Ryan Reynolds stars as an ordinary guy who gains superpowers from a ring bestowed by a dying alien. As the first human to join the Green Lantern Corps. - essentially, interstellar cops on the beat - his character becomes the key to stopping an evil force. But he encounters a little alien bigotry along the way.
"Human beings' inclusion in the corps is a point of contention for some of the other Green Lanterns," Reynolds said. "They feel we're kind of a subspecies, sort of a laughable group of creatures that inhabit Earth.

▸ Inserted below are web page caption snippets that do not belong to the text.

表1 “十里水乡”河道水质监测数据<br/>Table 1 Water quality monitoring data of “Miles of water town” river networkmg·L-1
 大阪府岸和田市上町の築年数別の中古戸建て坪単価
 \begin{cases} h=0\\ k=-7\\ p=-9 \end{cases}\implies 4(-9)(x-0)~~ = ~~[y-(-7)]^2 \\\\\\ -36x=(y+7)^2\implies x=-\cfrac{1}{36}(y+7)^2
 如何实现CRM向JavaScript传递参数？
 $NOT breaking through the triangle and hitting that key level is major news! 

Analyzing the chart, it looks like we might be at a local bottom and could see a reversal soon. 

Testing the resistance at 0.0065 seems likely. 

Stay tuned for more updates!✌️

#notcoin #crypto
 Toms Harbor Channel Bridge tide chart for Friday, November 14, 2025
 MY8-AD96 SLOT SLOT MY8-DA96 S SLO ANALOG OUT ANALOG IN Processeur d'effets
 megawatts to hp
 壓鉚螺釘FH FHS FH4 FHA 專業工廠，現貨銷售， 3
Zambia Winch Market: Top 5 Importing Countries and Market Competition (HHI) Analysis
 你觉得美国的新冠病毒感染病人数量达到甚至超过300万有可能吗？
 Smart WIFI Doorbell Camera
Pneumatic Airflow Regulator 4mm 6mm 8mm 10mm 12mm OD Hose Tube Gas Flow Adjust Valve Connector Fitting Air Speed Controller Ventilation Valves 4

So there's definitely a bit of an integration process for them."
"X-Men: First Class" features James McAvoy and Michael Fassbender as the future Professor X and Magneto superpowered mutants who start as allies but end up deadly enemies in their quest to find a place for their freak-of-nature kinsmen.
Another prequel, "Rise of the Planet of the Apes," has James Franco and Freida Pinto leading the human cast as research into simian intelligence puts the world under new management.
Interspecies conflict comes to the Old West, too, in "Cowboys & Aliens" as a mysterious gunslinger (Craig) and a cattle baron (Ford) put together a posse of townsfolk, outlaws and Apache Indians to go after bad guys from space in 1873.
"Cowboys & Aliens" director Jon Favreau, who made "Iron Man" and its sequel, said the hit Western "True Grit" and the Wild West animated comedy "Rango" were nice lead-ins after a long dry spell for the genre.
"The Western, that may have been the aspect of the film that made the studio the most cautious when it was first green-lighted. Now, it's turned into the aspect that makes it more original and stand out from the crowd," Favreau said. "The fun comes from the mash-up of genres."
Director Abrams created his own mash-up with "Super 8," combining two projects he had been developing: A story inspired by his boyhood filmmaking endeavors and a sci-fi adventure about a train that derails while carrying an alien presence from Area 51.
The teen filmmaker idea had good characters but lacked plot punch, Abrams said.
"It needed something to sort of elevate it out of the realm of pure drama into some kind of spectacle, at least for me to want to direct it," Abrams said.
Other action highlights:
"Fright Night": The remake of the 1980s horror comedy stars Colin Farrell as a newcomer targeting the kid next door (Anton Yelchin), who has discovered his neighbor's a vampire.
"30 Minutes or Less": Jesse Eisenberg stars in an action comedy about a pizza delivery guy abducted by crooks and forced to rob a bank.
"Conan the Barbarian": The new take on the ancient warrior has Conan (Jason Momoa) on a personal vendetta that turns into a heroic mission against supernatural evil.
"Priest": A warrior priest (Paul Bettany) in a world besieged by vampires sets out to rescue his abducted niece before the blood-suckers make her one of their own.